THE PROBLEM - Please give the number of lines in the records below that include "background", with no other output.

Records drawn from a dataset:
⟨

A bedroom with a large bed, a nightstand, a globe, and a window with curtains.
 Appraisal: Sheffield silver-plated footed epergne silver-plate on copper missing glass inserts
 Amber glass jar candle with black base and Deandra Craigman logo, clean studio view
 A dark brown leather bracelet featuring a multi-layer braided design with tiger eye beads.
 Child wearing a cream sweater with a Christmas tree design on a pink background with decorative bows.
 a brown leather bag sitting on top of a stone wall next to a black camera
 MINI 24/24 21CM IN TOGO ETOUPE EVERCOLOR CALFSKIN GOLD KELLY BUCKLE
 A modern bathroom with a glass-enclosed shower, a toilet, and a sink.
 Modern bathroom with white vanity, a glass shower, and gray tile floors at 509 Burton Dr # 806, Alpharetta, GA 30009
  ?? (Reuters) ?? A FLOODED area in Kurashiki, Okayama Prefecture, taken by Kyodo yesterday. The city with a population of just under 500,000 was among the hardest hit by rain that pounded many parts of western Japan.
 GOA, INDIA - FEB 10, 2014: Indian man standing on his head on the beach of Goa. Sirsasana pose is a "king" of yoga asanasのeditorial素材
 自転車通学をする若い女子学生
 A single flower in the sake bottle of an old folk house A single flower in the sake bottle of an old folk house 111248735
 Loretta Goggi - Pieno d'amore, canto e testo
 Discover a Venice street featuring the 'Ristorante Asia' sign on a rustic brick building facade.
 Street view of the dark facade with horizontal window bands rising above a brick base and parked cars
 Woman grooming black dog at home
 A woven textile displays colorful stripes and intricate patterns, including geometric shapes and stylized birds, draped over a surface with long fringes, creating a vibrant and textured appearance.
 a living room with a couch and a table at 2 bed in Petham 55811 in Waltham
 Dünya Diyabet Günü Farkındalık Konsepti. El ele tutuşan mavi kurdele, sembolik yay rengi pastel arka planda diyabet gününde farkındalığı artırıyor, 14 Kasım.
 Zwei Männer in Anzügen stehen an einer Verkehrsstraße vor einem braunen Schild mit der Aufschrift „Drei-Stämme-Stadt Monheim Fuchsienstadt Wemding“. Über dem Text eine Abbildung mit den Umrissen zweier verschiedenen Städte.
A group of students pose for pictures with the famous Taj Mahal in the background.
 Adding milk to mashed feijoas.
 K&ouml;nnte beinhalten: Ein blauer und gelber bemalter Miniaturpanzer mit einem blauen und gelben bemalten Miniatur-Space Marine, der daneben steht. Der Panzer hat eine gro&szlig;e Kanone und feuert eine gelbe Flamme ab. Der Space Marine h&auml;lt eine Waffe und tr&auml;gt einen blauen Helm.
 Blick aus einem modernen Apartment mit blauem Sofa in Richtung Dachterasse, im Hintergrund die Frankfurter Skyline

⟩

EXPECTED ANSWER - 2